Speaking to glasgowwarriors.org, Blair said: "It was always my intention to move into a coaching role and although there was an opportunity to play on next year, I believe now is the right time for me to make that change.
"I had originally planned to retire at the end of last season, but I'm glad Gregor (Townsend) persuaded me to play on at Glasgow. I've really enjoyed the season and it's a brilliant environment to be part of.
"With only a few games left this season, I have unfortunately run out of time to be able to regain my fitness before the end of this campaign.
"My recent spell on the sidelines has allowed me to start coaching earlier than expected, working with scrum-halves Henry Pyrgos, Grayson Hart and Ali Price, all of whom are currently playing very well. They have been a pleasure to work with and I look forward to working with them more as the season draws to a close and extending this role to the rest of the squad as we move into next season.
"I'm lucky to have had a long career and to have played with some amazing players and made life-long friends.
"I'll definitely miss the camaraderie on the pitch and in the changing room, but it's time to move on and a new challenge awaits."
Glasgow Warriors head coach Gregor Townsend added: "I was delighted when Mike agreed to come to Glasgow last summer.
"He exceeded our expectations on the field with some outstanding performances and would have been in the running for player of the season before picking up his recent injury.
"In my opinion he is one of Scotland's best ever rugby players and it was great to see him play in a Warriors jersey this season.
"It's disappointing that he's not able to finish his career on his own terms, but he can reflect on a brilliant career both at club and at international level.
"I didn't play with Mike too often but I do wind him up now and again about our first game together as a half-back pairing. It was against USA in the 2003 Rugby World Cup and I ended up getting a bad back picking up some of his passes…it was a wet night so I'll let him off!
"He developed into a very skillful and intelligent player. He always looked to put others into space but also had a very good running game. He became more creative throughout his career in terms of manipulating defences and he was one of the best nines in the game at playing at a high tempo.

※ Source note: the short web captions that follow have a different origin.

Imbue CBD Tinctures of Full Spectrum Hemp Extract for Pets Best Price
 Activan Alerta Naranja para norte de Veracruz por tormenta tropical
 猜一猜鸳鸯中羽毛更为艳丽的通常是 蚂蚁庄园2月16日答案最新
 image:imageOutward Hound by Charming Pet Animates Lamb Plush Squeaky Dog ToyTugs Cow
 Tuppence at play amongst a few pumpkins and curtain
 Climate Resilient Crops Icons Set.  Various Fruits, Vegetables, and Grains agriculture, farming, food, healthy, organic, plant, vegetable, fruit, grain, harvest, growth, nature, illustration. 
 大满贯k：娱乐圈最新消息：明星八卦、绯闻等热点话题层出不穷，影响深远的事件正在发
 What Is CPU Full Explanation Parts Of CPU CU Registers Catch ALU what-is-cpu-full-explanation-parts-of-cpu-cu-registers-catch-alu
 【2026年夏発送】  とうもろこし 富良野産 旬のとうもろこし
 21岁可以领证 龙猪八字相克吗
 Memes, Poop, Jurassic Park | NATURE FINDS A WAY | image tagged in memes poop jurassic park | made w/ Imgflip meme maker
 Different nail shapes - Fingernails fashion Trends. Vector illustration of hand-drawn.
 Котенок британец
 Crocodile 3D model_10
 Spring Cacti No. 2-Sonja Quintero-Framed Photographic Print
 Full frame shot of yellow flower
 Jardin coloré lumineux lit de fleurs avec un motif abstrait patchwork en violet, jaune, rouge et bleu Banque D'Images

"Mike's influence off the field has already had an impact at the club, as our three scrum-halves, Ali Price, Grayson Hart and Henry Pyrgos are all playing well and that is partly down to Mike's coaching and guidance.
"We're looking forward to him joining us in a full-time role as a coach next season. He's helped me with the analysis of opposition and he has some great ideas at improving our attack.
"He'll get lots of opportunities to develop as a coach here and he's excited about that. He'll join our coaching group as an assistant with a primary focus on attack and skills, as well as continuing his work as a scrum-half coach."